Власти Китая до последнего старались держаться в рамках приличия, уверяя, что не видят оснований сворачивать переговоры. Глава китайских переговорщиков вице-премьер Лю Хэ вылетел в США, хотя и на день позже, чем ожидалось. Однако 10 мая переговоры внезапно завершились досрочно, продлившись всего 90 минут. Новой даты назначено не было.
Перед отлетом в Пекин Лю Хэ заявил, что переговоры отнюдь не окончены, все идет нормально и «небольшие проблемы» в таком сложном процессе вполне естественны. Также он впервые с начала переговоров прямо ответил на вопрос, в чем состоят на данный момент основные пункты несогласия между сторонами.

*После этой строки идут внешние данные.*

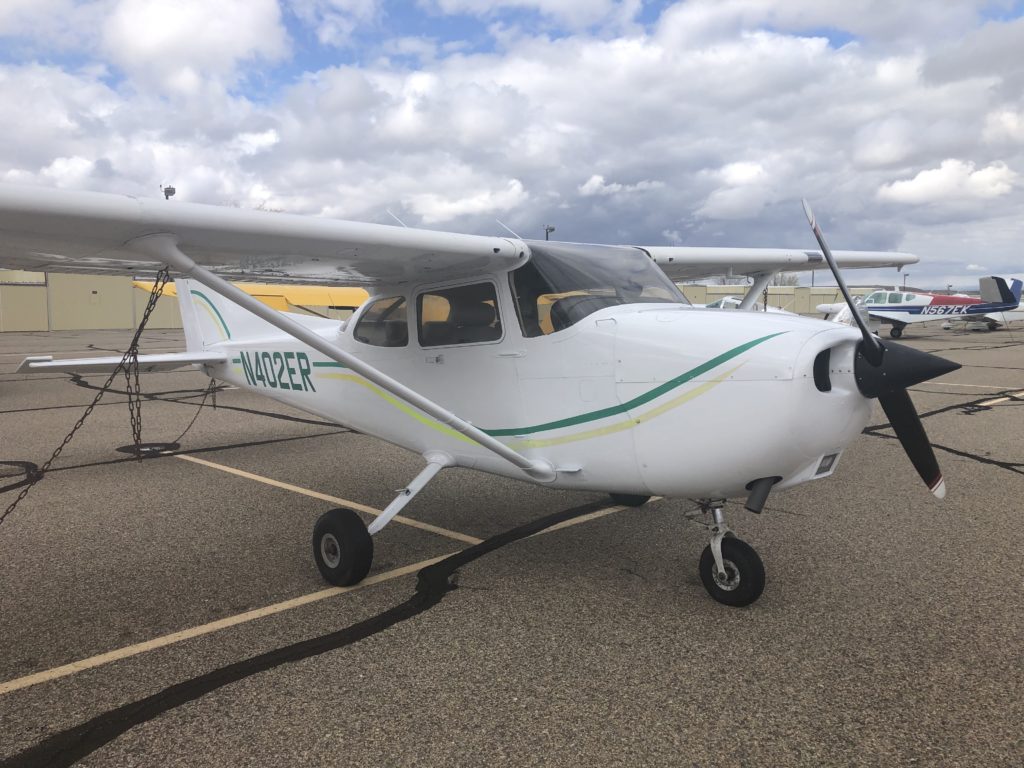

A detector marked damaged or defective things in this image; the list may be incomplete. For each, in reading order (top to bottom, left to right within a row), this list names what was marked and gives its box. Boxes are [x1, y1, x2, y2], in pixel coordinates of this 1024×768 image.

Во-первых, Китай ставит условием подписания любой сделки полное снятие всех тарифов, введенных Вашингтоном за последний год. США к этому не готовы, так как считают, что тарифы никого не наказывают, а, напротив, восстанавливают справедливость.
Во-вторых, у Пекина и Вашингтона обнаружились серьезные расхождения в понимании договоренностей, достигнутых между лидерами двух стран 30 ноября 2018 года в Аргентине. После той встречи Белый дом опубликовал на своем сайте сообщение, что Пекин согласился выправить торговый дисбаланс, закупив в США «пока не определенный, но очень существенный объем энергоресурсов, продукции сельского хозяйства, промышленных товаров и т.п.». «Мы готовы устранить торговый дисбаланс, но нужно провести серьезный, научный анализ причин его возникновения», – сообщил Лю Хэ в интервью 10 мая.
То же самое касается и вопросов интеллектуальной собственности. Китайцы полностью отрицают существование какой-либо государственно одобренной политики «воровства западных технологий», на чем настаивают близкие к Дональду Трампу экономисты Майкл Пиллсбери и Питер Наварро. Требование передачи технологий для иностранных компаний, желающих работать на китайском рынке, Пекин также проблемой не считает: все происходит добровольно, никто никого на самый большой в мире потребительский рынок силой не тащит.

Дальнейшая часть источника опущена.